The faunal assemblage consists of bison of varied age groups from calves to old adults, with most elements of mature animals being relatively small, suggesting females. A few large males are present and numerous immature animals and calves are represented. A cow and calf herd with few adult males is indicated by our available sample, and such herd composition is consistent with a winter through spring kill event(s). Seasonality assessment through dental eruption and wear patterns will be completed in the near future. With the exception of elements that have been exposed along the bank of the creek, condition of the bones is generally good, with little evidence of surface weathering, root etching, or carnivore damage. These factors suggest rapid and fairly deep burial of at least parts of the bonebed. The few crania encountered are highly fragmentary, and this is probably due to their higher weathering profile and the longer period during which they would have been exposed to weathering prior to burial (see Todd and Rapson, 1999). Long bones, flat bones, and vertebrae are typically fractured due to shrink and swell of the surrounding matrix and pressure from overlying sediments. Orientation of elements appears not to have been strongly influenced, if at all, by stream action. Inclination of most elements is roughly horizontal, and the variation is not unexpected for a bonebed in what was a frequently wet substrate.

A concentration of burned bison bone less than 1 m in diameter, including some articulated limb elements, occurred near the center of the exposure. The function of this feature has not been determined, but it probably represents a small hearth area that was used during butchering and processing activities.

Lithic Artifacts

Lithic materials recovered from the Winger site include a few flakes, tools, and projectile points. Three lithic artifacts were found in the disturbed bonebed deposits that had been moved by heavy equipment prior to our investigations. These artifacts include a large bifacial thinning flake of Alibates flint, an ovate biface of locally available Dakota quartzite that may have served as a butchering tool (D in fig. 4-22), and the corner of an Allen point manufactured from Alibates flint (B in fig. 4-22). Within the bonebed we recovered (1) a unifacial flake tool which is triangular in cross section and could have served as a naturally backed knife, (2) a complete Dakota quartzite Allen point (A in fig. 4-22), and (3) the base of an Allen point made from Alibates (C in fig. 4-22). The point base was recovered from the western end of the bonebed at the base of the bone level, and the complete point was found near the eastern end of our excavation. The complete point was recovered in situ with the tip down at an oblique angle, at the bonebed level but just beyond the margin of the dense bone concentration. These artifacts compare well with Allen points recovered from the Norton site in west-central Kansas (Hofman, 1996, p. 73-74), which yielded a radiocarbon age on bone that is essentially identical to that from Winger.

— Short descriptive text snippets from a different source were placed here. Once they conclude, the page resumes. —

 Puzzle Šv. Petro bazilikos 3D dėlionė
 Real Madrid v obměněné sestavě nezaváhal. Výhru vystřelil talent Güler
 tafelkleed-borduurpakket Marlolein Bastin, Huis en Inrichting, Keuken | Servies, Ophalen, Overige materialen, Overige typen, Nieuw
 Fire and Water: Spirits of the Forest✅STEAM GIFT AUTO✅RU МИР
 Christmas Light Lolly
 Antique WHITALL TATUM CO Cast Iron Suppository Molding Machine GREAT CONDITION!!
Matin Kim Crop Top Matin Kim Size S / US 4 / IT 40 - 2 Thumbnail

Figure 4-22--Artifacts recovered during the June 2002 excavations at the Winger site. A, Allen point made from Dakota quartzite; B, corner of an Allen point; C, base of an Allen point made from Alibates; D, ovate biface made from Dakota quartzite.

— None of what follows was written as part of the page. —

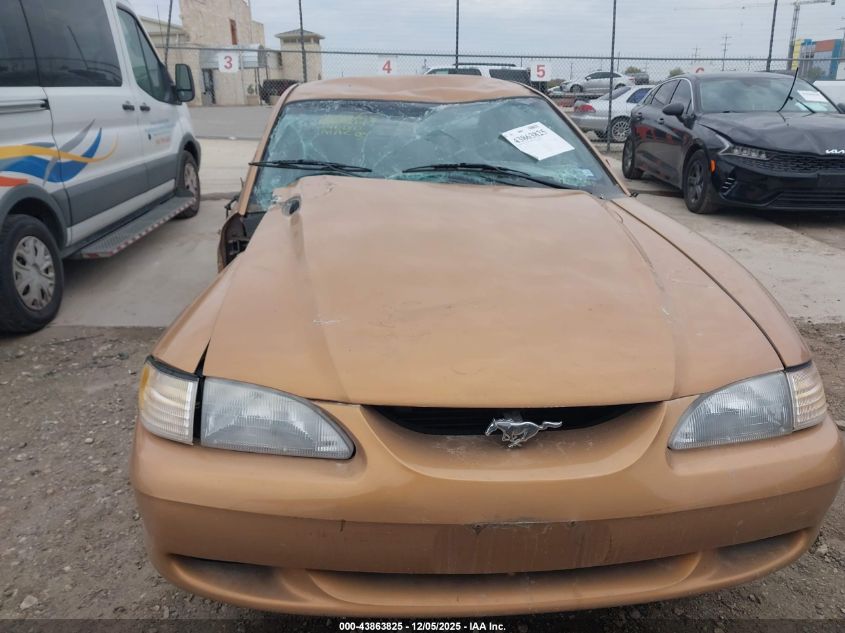 1997 Ford Mustang VIN: 1FALP4040VF146010 Lot: 43863825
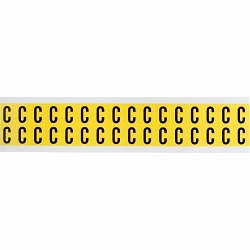 Brady 3420-C Letter Label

Color photo of artifacts recovered during the June 2002 excavations at the Winger site.

Conclusions

The association of the Winger bonebed with pond deposits underscores the significance of playas as locations for human activities through time. As focal points for water, animal, and plant resources, playas were attractive to human groups in the High Plains environment.

Preliminary results of our investigations at Winger indicate that the site is significant in several respects. First, Winger is the largest intact bison kill/butchery site recorded in Kansas and probably the largest known in the region. The length of the Winger bone bed is similar to the Jones Miller site of Hell Gap age in eastern Colorado near the northwest corner of Kansas (Stanford, 1999), and it is more extensive and less disturbed than the Norton bonebed in west-central Kansas, which also yielded Allen points (Hofman, 1996). Like Winger, the available radiocarbon date for Norton is based on bone and indicates an age of just over 9,000 yrs B.P. for the Allen complex. The Burntwood Creek bison bonebed in the northwest corner of Kansas, originally investigated in 1922 and 1923 by paleontologists from the University of Kansas (see Hill et at, 1992), may originally have been more extensive than Winger, but it is unclear how much of the site remains intact. An Allen point has also been recovered from the Burntwood Creek bonebed, and the collagen fraction from a sample of clean rib fragments yielded an AMS 14C age of 9,055 ± 40 yrs B.P. (JSGS-A0728). The somewhat older 12 Mile Creek site in northwestern Kansas was a much smaller bonebed, of Folsom age, that can now be studied only through use of the existing museum collection at the University of Kansas (Hill, 1996). The Late Paleoindian Laird site in northwestern Kansas holds much potential but is much smaller than Winger. Laird yielded an unusual stemmed projectile point (Hofman and Blackmar, 1997), and it has a single bone collagen 14C age of 8,495 ± 40 (CAMS-82397) (Blackmar, 2002).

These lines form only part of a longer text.